Barack Obama Male Leadership Academy at A. Maceo Smith (BOMLA) is a magnet secondary school for boys located in the Oak Cliff area of Dallas, Texas. It is a part of the Dallas Independent School District. After the Irma Lerma Rangel Young Women's Leadership School, it is DISD's second single gender school.

The school, which occupies the campus of the former A. Maceo Smith High School, is named after former President of the United States Barack Obama, in honor of the fact that he was the first black President. The campus was named for Antonio Maceo Smith (1903–1977), a pioneer civil rights leader in Dallas.

History
The former B. F. Darrell Vanguard Elementary School campus was renovated until Barack Obama Male Leadership Academy at B.F. Darrell  opened. Obama opened in August 2011 with grades 6 through 9. Each subsequent year a grade level will be added until the school gets grade 12. The school had 205 students during its first year of operation. The school was dedicated on November 11, 2011.

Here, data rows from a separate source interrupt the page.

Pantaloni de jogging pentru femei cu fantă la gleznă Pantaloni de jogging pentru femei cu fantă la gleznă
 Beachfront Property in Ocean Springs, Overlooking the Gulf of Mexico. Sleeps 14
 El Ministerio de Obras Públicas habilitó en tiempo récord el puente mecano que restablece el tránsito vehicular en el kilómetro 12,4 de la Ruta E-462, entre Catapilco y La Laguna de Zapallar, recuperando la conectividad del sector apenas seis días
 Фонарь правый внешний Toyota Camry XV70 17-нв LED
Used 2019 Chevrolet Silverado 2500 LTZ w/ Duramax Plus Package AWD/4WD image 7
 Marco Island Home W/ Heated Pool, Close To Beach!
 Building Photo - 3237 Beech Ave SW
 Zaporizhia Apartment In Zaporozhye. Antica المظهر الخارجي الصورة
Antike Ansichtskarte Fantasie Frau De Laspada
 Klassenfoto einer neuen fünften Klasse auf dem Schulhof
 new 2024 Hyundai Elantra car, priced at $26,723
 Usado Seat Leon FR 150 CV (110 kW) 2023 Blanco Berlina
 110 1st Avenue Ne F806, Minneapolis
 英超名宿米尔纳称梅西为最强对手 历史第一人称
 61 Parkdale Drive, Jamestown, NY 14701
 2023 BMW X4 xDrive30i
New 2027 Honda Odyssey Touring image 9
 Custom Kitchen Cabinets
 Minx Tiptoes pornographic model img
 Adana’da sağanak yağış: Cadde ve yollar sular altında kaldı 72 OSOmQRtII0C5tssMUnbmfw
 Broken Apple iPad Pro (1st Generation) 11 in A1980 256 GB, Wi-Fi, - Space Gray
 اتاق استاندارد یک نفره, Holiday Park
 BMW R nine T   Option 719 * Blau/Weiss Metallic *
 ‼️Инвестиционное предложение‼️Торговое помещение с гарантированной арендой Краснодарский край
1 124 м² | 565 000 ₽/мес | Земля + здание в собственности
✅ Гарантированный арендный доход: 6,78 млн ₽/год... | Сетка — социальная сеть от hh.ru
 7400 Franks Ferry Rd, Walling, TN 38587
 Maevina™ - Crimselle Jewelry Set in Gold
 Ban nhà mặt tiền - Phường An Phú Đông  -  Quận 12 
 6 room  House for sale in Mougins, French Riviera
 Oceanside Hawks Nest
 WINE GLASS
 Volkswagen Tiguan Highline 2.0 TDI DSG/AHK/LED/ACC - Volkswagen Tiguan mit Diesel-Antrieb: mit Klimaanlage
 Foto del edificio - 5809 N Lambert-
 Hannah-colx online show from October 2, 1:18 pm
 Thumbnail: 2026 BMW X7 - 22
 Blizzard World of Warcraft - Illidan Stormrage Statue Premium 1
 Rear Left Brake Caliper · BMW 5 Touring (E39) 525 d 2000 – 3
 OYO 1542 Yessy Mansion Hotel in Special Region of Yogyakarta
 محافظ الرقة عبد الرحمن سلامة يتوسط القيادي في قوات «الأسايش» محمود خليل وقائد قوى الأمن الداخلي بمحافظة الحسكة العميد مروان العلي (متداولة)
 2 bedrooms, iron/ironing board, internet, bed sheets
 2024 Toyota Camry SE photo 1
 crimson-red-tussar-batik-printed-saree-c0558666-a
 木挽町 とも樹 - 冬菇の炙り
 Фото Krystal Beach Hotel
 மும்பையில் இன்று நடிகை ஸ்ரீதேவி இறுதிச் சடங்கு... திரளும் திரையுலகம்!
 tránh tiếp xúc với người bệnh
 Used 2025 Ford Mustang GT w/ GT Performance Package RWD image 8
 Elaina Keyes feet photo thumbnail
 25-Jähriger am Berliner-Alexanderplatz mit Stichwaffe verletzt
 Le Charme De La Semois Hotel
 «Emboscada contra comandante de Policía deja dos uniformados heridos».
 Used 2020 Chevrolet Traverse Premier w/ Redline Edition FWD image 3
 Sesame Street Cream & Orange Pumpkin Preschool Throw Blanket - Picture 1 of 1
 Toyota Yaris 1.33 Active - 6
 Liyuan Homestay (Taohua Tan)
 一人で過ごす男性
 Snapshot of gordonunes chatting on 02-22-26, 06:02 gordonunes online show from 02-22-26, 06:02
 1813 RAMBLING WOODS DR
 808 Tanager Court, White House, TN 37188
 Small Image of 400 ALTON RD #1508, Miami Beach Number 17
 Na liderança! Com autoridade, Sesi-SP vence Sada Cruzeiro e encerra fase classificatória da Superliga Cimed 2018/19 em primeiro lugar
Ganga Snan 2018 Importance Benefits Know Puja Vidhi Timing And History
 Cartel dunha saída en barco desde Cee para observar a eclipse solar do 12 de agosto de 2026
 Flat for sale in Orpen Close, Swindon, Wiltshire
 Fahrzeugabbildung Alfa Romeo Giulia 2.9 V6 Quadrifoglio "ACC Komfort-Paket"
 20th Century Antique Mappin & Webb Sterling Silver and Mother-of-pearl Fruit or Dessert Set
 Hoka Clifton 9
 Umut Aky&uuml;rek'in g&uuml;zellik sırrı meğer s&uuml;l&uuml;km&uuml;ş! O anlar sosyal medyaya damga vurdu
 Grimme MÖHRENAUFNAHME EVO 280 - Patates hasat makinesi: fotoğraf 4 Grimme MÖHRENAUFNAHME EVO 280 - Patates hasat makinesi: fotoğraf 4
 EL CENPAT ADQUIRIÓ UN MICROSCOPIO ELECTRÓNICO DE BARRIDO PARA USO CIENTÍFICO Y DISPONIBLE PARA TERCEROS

In 2018 Obama swapped buildings with New Tech High School, with the latter now occupying B. F. Darrell while Obama now occupied the A. Maceo Smith campus, where Obama has the potential to increase its enrollment.

Admissions
A prospective student needs to meet entrance requirements before being considered for admission. He must have sufficient grade point averages in the core classes and score within the fortieth percentile in his examinations, such as the State of Texas Assessment of Academic Readiness (STAAR) or the Iowa Tests of Basic Skills (ITBS). If a prospective student meets the requirements, he will take an examination measuring his writing and mathematics skills.

Academics
Obama offers classes in Spanish, Mandarin Chinese, Latin, and robotics. 8th grade students have "accelerated curriculum" schedules. All students have access to pre-Advanced Placement classes. Students are expected to maintain an average of 85 and above. All students are required to attend Saturday Academy once a month for enrichment and academic support.

School norms
Students are required to address teachers using the standard "Mister" "Miss" or "Mrs." honorifics. Students are required to use the honorific "Brother." For instance John Smith would be "Brother John Smith" and Fred Jones would be "Brother Fred Jones." Faculty members also use the "brother" honorific to address students.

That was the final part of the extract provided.